This paper turns from Hermogenes’ storied reception back to the text itself to uncover a basic compositional strategy behind the Forms of Style. In his accounts of the seven stylistic forms and their various subforms, Hermogenes not only describes how each one is produced by a unique combination of features including diction, figure, and rhythm; his discussions of the forms also constitute implicit demonstrations of their respective forms themselves. This is a phenomenon separate from the explicit examples of the forms that Hermogenes furnishes in the form of quotations from Classical authors such as Demosthenes and Plato.
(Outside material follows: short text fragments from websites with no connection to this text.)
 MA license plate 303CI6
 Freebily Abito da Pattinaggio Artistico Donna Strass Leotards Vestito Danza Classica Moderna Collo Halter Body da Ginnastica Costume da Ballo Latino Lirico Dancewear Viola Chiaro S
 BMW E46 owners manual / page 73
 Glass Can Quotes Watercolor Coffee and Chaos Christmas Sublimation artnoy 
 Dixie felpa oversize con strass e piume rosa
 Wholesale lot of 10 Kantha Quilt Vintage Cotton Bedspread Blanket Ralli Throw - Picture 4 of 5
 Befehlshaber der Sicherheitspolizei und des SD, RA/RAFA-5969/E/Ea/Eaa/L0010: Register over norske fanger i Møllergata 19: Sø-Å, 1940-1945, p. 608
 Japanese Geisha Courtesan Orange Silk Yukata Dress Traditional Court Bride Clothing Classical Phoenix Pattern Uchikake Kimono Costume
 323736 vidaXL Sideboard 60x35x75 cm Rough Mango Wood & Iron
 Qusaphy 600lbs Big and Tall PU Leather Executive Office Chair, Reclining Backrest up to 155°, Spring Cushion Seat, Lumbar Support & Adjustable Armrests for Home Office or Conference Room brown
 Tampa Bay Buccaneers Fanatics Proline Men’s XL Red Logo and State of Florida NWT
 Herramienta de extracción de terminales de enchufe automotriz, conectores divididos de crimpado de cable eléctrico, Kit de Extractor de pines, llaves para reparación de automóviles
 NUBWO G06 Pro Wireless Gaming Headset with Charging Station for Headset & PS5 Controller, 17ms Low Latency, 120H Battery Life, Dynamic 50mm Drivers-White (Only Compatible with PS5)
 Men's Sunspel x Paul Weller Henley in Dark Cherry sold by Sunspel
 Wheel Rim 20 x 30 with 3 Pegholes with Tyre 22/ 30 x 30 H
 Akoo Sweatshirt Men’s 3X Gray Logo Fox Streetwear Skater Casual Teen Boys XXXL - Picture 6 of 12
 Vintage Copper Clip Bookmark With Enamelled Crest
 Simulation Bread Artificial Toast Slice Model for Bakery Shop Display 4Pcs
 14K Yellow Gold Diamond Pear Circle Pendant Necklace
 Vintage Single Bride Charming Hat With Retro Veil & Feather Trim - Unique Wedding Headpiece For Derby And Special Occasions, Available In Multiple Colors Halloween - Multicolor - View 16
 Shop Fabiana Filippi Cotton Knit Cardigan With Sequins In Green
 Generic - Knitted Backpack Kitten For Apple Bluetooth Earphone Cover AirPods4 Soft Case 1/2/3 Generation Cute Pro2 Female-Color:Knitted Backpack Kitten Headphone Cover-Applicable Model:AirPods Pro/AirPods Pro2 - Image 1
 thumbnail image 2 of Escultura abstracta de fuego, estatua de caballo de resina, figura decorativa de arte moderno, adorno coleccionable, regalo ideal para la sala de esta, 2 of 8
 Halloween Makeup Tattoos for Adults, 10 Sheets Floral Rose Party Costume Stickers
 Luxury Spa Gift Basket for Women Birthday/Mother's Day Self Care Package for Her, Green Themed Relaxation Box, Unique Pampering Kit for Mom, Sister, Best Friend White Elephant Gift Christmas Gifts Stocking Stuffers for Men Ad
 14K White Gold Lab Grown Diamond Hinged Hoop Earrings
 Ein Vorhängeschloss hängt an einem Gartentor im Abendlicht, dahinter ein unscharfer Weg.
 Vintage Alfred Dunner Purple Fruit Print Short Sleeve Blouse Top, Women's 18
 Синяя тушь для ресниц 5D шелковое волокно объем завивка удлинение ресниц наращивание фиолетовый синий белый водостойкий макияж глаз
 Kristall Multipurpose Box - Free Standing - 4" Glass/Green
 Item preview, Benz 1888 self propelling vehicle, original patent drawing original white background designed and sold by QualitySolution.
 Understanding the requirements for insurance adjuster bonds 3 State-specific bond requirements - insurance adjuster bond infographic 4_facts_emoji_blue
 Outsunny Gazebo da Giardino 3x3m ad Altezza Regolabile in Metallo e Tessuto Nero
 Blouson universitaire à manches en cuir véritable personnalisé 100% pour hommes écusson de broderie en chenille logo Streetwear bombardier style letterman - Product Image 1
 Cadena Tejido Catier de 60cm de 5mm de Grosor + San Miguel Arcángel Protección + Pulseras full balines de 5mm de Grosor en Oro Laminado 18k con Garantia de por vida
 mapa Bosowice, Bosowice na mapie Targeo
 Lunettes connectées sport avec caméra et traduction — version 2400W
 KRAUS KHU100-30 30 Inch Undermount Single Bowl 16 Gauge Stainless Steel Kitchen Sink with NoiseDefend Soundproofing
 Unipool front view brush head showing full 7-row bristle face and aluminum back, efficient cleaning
In other words, the entry for a form of style like peribolē (“abundance”) not only includes Hermogenes’ usual outline of the features proper to peribolē like its diction, figures, rhythm, and cola, as well as exemplary “abundant” passages from Demosthenes; but Hermogenes’ descriptive account also takes the form of a series of extravagant specimens of pleonasm, a figure characteristic of peribolē. Thus the discussion of the form becomes itself a demonstration of it.

This dynamic is at work across the treatise: for example, Hermogenes organizes his explanation of gorgotēs (“rapidity”) in the form of a brisk catalogue that itself exemplifies gorgotēs; and the discussion of the form trachytēs (“asperity”), after noting that the form is strongly associated with the use of hiatus, goes on to feature three instances of marked hiatus in quick succession. Morever, by paying attention to this effect we can account for otherwise puzzling moments in the treatise: for example, the discussion of endiathetos logos (“spontaneity”), a subset of the form alētheia (“sincerity”), includes a sharply worded aside attacking unnamed commentators of Demosthenes. The jarring passage seems less out of place when we realize it demonstrates a series of the techniques Hermogenes has just described for achieving the effect of endiathetos logos.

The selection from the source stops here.